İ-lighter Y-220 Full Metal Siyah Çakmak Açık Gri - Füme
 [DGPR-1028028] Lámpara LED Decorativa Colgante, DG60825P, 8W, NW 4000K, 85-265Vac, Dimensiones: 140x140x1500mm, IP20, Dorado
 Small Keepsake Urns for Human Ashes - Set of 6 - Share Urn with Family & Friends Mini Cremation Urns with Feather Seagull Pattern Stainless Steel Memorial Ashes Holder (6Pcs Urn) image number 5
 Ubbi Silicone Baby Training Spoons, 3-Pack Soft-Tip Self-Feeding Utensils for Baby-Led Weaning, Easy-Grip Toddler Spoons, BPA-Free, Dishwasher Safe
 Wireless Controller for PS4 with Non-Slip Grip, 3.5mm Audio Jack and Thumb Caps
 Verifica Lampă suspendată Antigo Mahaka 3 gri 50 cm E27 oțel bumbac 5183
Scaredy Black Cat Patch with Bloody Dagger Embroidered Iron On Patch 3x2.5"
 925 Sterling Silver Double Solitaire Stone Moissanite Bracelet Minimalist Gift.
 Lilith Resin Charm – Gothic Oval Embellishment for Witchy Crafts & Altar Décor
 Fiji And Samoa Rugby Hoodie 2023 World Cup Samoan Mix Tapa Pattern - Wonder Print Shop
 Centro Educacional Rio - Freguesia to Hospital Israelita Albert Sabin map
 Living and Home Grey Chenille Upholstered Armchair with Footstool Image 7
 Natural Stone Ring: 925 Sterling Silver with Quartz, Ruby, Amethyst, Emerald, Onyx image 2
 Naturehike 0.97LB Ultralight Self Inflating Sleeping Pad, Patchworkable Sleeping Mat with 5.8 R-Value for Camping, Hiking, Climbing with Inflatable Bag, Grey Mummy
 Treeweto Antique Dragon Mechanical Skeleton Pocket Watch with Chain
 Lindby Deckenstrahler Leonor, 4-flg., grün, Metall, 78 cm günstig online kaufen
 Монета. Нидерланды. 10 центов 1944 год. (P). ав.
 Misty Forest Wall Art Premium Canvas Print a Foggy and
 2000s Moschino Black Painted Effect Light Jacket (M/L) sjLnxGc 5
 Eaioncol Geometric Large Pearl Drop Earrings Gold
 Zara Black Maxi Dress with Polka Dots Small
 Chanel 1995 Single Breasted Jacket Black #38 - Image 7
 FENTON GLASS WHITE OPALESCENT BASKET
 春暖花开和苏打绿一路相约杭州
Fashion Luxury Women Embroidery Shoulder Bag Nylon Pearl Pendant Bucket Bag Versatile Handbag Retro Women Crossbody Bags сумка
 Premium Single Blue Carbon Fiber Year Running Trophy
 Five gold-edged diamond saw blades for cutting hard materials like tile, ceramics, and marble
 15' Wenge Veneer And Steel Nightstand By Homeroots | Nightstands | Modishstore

****************

■ Task to carry out
Throughout the data above, report every line that contains the string "Jacket".

■ Solution to this exercise
 2000s Moschino Black Painted Effect Light Jacket (M/L) sjLnxGc 5
 Chanel 1995 Single Breasted Jacket Black #38 - Image 7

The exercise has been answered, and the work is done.